Problem requirements ▸
You are to retype exactly the line with "Another On Foot" and every line after it in the entries below.

* * * * * * * * *

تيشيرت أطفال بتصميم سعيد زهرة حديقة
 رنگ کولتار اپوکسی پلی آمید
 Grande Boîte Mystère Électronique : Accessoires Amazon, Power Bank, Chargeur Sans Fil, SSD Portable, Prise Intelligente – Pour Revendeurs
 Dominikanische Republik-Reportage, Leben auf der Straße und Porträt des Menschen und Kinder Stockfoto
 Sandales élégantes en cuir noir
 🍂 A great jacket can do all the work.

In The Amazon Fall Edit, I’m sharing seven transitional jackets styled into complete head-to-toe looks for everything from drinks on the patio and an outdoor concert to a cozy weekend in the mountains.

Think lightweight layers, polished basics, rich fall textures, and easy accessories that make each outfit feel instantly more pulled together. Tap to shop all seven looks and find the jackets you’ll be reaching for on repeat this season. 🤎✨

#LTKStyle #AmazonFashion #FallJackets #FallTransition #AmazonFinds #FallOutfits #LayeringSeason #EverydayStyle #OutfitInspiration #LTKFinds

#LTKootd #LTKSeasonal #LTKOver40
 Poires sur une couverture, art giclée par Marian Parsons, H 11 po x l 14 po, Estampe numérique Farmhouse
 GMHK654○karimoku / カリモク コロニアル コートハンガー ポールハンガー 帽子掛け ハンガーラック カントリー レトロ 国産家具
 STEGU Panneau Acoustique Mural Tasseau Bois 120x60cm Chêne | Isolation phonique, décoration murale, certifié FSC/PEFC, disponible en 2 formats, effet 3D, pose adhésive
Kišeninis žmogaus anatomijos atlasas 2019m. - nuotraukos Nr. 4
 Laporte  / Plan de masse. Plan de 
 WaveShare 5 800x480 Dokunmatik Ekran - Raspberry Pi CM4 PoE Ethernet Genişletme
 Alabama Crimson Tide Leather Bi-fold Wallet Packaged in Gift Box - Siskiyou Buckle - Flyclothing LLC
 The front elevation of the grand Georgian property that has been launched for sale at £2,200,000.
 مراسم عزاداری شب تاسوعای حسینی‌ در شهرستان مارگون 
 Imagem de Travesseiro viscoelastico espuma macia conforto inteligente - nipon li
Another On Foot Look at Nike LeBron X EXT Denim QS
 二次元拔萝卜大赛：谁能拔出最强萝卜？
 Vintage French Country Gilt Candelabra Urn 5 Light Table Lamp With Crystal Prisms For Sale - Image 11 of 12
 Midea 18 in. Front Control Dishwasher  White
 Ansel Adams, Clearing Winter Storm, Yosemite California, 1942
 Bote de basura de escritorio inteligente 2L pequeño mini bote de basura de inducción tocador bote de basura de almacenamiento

* * * * * * * * *

Answer area ▸
Another On Foot Look at Nike LeBron X EXT Denim QS
 二次元拔萝卜大赛：谁能拔出最强萝卜？
 Vintage French Country Gilt Candelabra Urn 5 Light Table Lamp With Crystal Prisms For Sale - Image 11 of 12
 Midea 18 in. Front Control Dishwasher  White
 Ansel Adams, Clearing Winter Storm, Yosemite California, 1942
 Bote de basura de escritorio inteligente 2L pequeño mini bote de basura de inducción tocador bote de basura de almacenamiento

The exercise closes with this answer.